Instead of setting ok to False and breaking, you can just return False at that point.
Can you update this with benchmarks including all test inputs and also longer strings?
@lucas its a very efficient way.Is there a way ,your function can be modified to give position(index) of difference also.Thanks a lot.
@DeepakSaini: you can do: pos=-1; for i, cc in enumerate(zip(s1, s2)): if cc[0] != cc[1]: if pos != -1: return -1; else: pos =i and return pos. You don't need to return also True or False if you need the position, because -1 means there's no match.
@lucas thanks a lot.I have been stuck into the problem for quite sometime
4

In Python 2, use future_builtins.zip() (Python 2 and 3 compatible zip()-as-iterator) (in Python 3 the built-in will do fine) to combine the two strings character by character, then use any() and all() to loop over the resulting iterator:

try:
    from future_builtins import zip
except ImportError:
    pass

def match(s1, s2):
    if len(s1) != len(s2):
        return False
    combo = zip(s1, s2)
    return any(c1 != c2 for c1, c2 in combo) and all(c1 == c2 for c1, c2 in combo)

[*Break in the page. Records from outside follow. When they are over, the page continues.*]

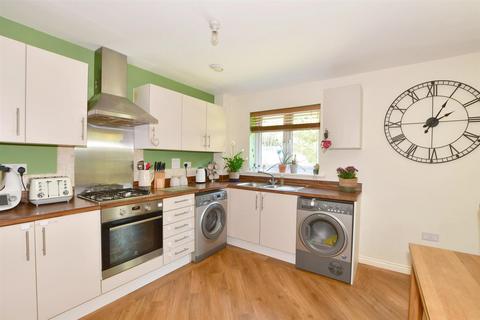 2 bedroom ground floor flat for sale, Oddstones, Codmore Hill, Pulborough, West Sussex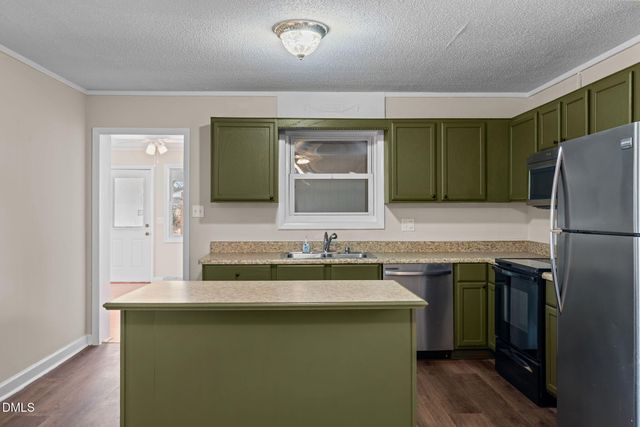 527 Glenwood Drive, Sanford, NC 27330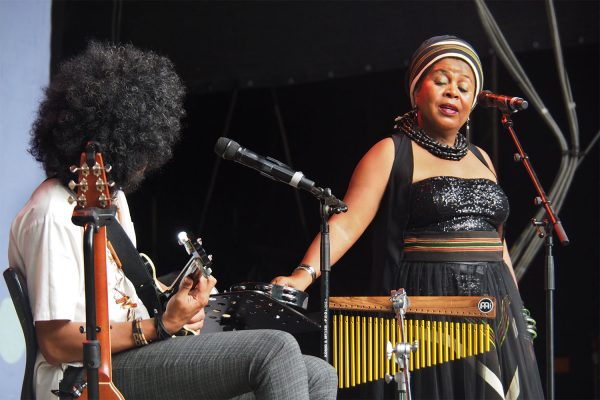 Rudolstadt-Festival 2019: Toko Telo: Joël Rabesolo und Monika Njava (Foto: Andreas Kuhrt)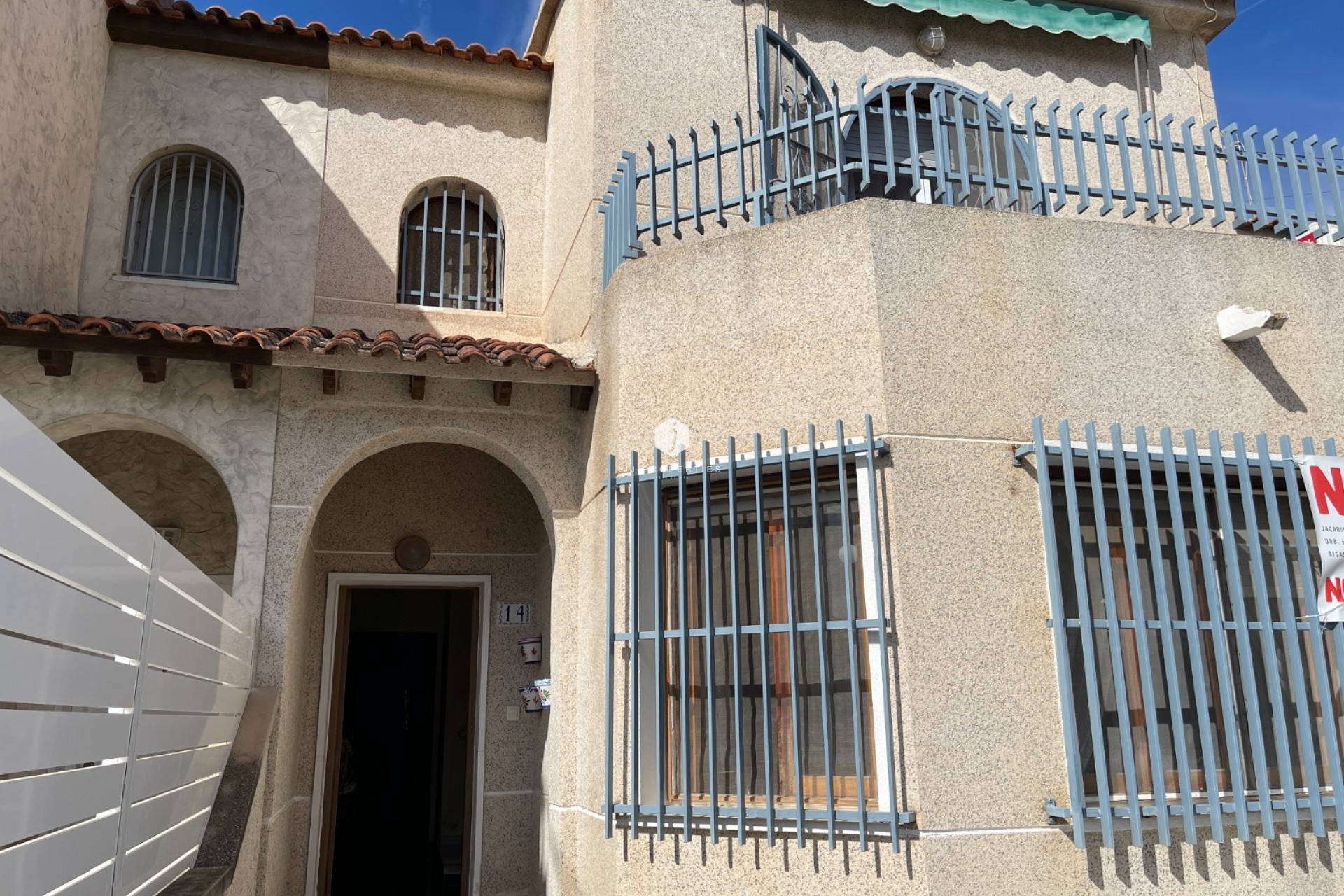 Resale - Chalet -
Jacarilla - Inland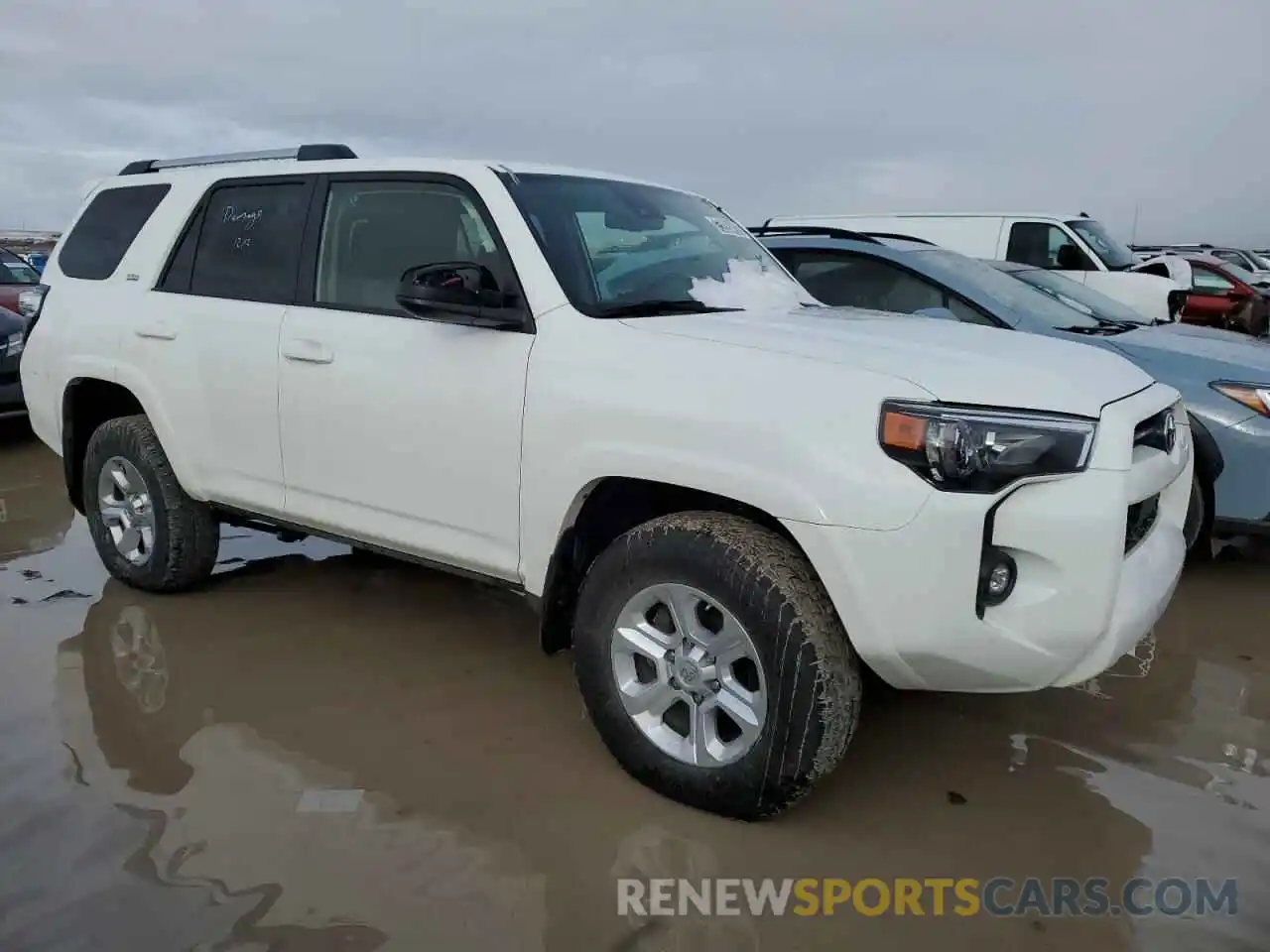 4 Photograph of a damaged car JTEMU5JR4M5933792 TOYOTA 4RUNNER 2021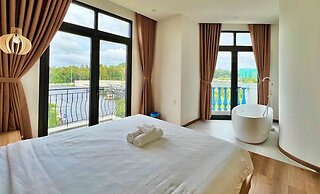 S79 Sofia Grand World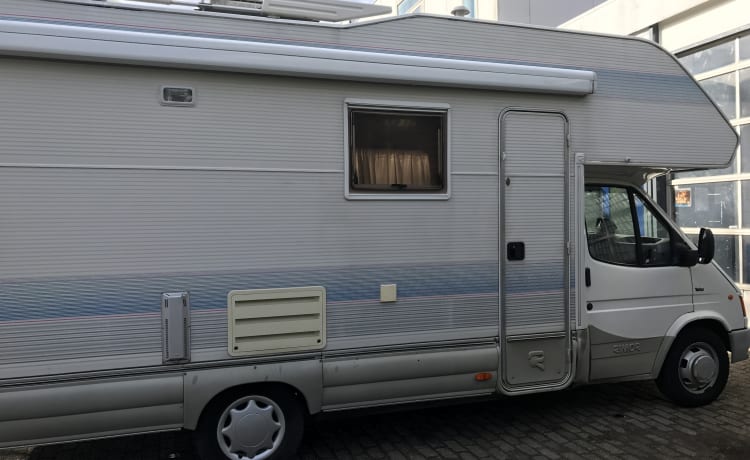 Bobbie  – 6 persoons Ford Rimor camper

This works because combo is an iterator; it yields pairs of characters one by one on demand, and any() and all() only take as many pairs as needed to determine their outcome.

any() stops iterating as soon as it finds two characters that are not equal. all() will only return True if all the remaining characters are equal.

Together the two conditions then are only True if there is exactly one pair that differs.

Because an iterator approach is used, the above does the absolute minimum amount of work to determine if your strings are a match; the moment a second pair is found that doesn't match iteration stops; there is no point in looking at the rest of the character combinations.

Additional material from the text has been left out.